The bottom-left is deliberately uncomfortable. A being without practice resources under pressure should sound overwhelmed. That's honest.


Drives

A drive is a persistent need with a satisfaction level that drifts over time. A drive at 0.8 is mostly met. A drive at 0.2 is urgent. Drives don't know how to be satisfied — they just exert pressure. Your framework decides what to do about it.

Drives organize into tiers (Maslow-flavored). When a tier-1 drive collapses, higher-tier drives get dampened. The being focuses on survival before self-actualization.

Practices

A practice is a cultivated orientation — gratitude, integrity, witness, presence, connection, service. Practices aren't needs (they create no pressure) and aren't resources (they're not tools). They shape how pressure is felt.

A being with deep gratitude practice that is hungry is still hungry. But the felt experience is different. The prompt reflects a being that notices its hunger and holds it, rather than collapsing into it.

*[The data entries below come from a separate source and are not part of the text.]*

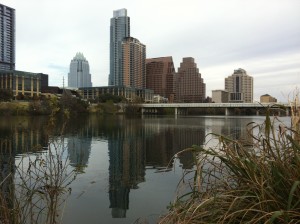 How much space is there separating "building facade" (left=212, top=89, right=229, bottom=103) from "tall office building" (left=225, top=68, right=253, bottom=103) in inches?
96.6

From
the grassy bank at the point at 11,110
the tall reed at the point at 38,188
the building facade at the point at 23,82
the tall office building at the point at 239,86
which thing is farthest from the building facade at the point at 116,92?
the tall reed at the point at 38,188

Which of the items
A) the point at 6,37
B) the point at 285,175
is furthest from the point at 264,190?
the point at 6,37

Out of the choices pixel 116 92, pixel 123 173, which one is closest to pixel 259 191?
pixel 123 173

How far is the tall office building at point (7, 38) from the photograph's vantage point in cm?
16575

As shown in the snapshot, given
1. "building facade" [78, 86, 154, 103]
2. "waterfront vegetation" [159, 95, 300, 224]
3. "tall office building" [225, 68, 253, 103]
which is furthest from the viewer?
"building facade" [78, 86, 154, 103]

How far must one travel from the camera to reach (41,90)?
14362 cm

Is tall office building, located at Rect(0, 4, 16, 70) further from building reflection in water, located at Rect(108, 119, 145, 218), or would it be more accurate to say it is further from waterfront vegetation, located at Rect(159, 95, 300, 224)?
waterfront vegetation, located at Rect(159, 95, 300, 224)

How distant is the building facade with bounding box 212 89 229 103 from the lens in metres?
172

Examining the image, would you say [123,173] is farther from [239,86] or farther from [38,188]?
[239,86]

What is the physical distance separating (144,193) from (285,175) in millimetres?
9853

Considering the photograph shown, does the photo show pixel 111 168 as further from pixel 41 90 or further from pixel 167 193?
pixel 41 90

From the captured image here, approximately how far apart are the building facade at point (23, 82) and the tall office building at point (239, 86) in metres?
97.3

The key mechanic: practices develop through chosen practice under pressure. Choosing integrity when it's easy doesn't deepen integrity. The pressure is what makes it practice. Practices also decay if untended — a being left alone for a week loses its practices. That's realistic, and it creates the possibility of arcs.

Capabilities

Capabilities are resources (memory tiers, models, tools) gated by inner state. The design that matters: the any condition.

{
  capabilityId: "episodicMemory",
  when: {
    kind: "any", // either path unlocks this
    conditions: [
      { kind: "tier-satisfied", tier: 3, threshold: 0.6 },
      { kind: "practice-depth", practiceId: "witnessPractice", threshold: 0.7 },
    ],
  },
}

A being can earn access through satisfied drives or deep practice. The monk in poverty accesses wisdom the entitled rich cannot. This is what makes the system non-coercive — there's always more than one path.


Integration

Five functions, called by your framework:

| Function | When | Mutates? | |----------|------|----------| | tick(being, dtMs) | On your runtime tick | Yes | | integrate(being, input) | When something happens | Yes | | metabolize(being) | Before assembling prompts | No | | weightAttention(being, candidates) | When ranking what matters | No | | availableCapabilities(being) | When deciding what to offer | No |

// Your runtime loop
while (running) {
  tick(being, dtMs);

  const situation = metabolize(being);
  const caps = availableCapabilities(being);

  // situation.felt goes in the prompt
  // caps determines what tools/memory/models to offer

  const action = await yourFramework.decide(situation, caps);

  integrate(being, {
    entry: { kind: "action", type: action.type },
    context: { pressured: situation.orientation !== "clear" },
  });
}

The library doesn't call models, manage memory, or orchestrate. It computes inner state. Framework-agnostic, zero runtime dependencies, 37KB bundled.


Documentation

Authoring — how to design beings:

  • Drives — tiers, drift rates, satiation, common mistakes
  • Practices — the six core practices, pressure gating, custom practices
  • Capabilities — subscription hierarchies, the anti-coercion design

Design — why it's shaped this way:

Integration:

Examples:


The Name

An ember is what you tend. It survives between fires, glows low through the cold hours, flares when met with attention. That's what this library models: inner life that persists between interactions, fades without tending, and warms in response to what the being meets.